(Data records)

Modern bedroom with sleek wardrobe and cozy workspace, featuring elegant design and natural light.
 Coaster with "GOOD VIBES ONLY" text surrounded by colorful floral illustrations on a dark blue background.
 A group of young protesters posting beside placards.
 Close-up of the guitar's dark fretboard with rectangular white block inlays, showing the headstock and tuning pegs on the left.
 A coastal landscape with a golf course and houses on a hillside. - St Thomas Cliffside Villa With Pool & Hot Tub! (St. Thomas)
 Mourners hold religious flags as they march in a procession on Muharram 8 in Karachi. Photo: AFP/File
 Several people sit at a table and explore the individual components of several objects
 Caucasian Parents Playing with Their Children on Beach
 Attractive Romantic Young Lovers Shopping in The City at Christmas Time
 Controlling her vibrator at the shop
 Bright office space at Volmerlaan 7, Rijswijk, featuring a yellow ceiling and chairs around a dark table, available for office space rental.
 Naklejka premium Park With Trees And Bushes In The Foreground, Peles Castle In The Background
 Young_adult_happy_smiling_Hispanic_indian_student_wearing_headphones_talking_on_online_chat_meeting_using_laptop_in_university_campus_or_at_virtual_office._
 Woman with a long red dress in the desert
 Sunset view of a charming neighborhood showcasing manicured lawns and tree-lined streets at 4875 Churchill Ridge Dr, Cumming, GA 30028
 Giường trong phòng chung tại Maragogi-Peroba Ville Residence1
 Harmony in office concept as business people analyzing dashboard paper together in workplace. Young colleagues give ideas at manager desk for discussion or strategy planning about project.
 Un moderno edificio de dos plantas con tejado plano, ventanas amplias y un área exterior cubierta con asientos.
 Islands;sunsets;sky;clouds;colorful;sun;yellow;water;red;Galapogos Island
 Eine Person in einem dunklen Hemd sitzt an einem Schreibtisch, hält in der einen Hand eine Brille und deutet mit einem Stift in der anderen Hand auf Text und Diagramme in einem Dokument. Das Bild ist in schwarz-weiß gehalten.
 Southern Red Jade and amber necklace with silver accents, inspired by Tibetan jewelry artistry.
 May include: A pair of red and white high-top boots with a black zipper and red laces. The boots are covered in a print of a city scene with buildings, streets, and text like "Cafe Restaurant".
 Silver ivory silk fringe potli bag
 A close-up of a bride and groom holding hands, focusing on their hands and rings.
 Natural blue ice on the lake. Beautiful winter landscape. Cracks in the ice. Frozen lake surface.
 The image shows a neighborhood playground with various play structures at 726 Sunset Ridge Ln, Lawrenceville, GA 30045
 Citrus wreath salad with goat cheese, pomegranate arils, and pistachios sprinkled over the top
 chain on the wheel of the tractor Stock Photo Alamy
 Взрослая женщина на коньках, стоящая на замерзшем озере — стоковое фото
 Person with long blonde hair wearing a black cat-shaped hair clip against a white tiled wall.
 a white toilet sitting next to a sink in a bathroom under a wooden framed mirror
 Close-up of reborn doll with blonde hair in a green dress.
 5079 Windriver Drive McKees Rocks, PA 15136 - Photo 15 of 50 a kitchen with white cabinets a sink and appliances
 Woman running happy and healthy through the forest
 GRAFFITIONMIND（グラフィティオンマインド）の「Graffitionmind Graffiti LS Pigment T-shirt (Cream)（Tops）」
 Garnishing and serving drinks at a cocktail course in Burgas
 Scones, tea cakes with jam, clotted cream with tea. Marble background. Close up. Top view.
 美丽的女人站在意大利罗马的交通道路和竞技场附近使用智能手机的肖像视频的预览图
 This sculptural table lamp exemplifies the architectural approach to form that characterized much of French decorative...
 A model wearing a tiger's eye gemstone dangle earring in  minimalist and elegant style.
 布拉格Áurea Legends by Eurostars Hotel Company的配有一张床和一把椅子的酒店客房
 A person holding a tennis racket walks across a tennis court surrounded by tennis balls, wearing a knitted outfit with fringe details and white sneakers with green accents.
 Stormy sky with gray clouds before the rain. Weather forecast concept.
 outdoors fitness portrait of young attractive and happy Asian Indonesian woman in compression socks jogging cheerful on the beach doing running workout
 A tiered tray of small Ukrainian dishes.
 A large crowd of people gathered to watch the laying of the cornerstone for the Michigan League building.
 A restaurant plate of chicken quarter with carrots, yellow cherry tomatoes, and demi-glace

(End Data records)

*Exercise brief*
There is a run of lines above from the one with "Controlling her vibrator at the shop" to the one with "Silver ivory silk fringe potli bag"; print exactly that run, both ends included, and nothing else.

*Output for this task*
 Controlling her vibrator at the shop
 Bright office space at Volmerlaan 7, Rijswijk, featuring a yellow ceiling and chairs around a dark table, available for office space rental.
 Naklejka premium Park With Trees And Bushes In The Foreground, Peles Castle In The Background
 Young_adult_happy_smiling_Hispanic_indian_student_wearing_headphones_talking_on_online_chat_meeting_using_laptop_in_university_campus_or_at_virtual_office._
 Woman with a long red dress in the desert
 Sunset view of a charming neighborhood showcasing manicured lawns and tree-lined streets at 4875 Churchill Ridge Dr, Cumming, GA 30028
 Giường trong phòng chung tại Maragogi-Peroba Ville Residence1
 Harmony in office concept as business people analyzing dashboard paper together in workplace. Young colleagues give ideas at manager desk for discussion or strategy planning about project.
 Un moderno edificio de dos plantas con tejado plano, ventanas amplias y un área exterior cubierta con asientos.
 Islands;sunsets;sky;clouds;colorful;sun;yellow;water;red;Galapogos Island
 Eine Person in einem dunklen Hemd sitzt an einem Schreibtisch, hält in der einen Hand eine Brille und deutet mit einem Stift in der anderen Hand auf Text und Diagramme in einem Dokument. Das Bild ist in schwarz-weiß gehalten.
 Southern Red Jade and amber necklace with silver accents, inspired by Tibetan jewelry artistry.
 May include: A pair of red and white high-top boots with a black zipper and red laces. The boots are covered in a print of a city scene with buildings, streets, and text like "Cafe Restaurant".
 Silver ivory silk fringe potli bag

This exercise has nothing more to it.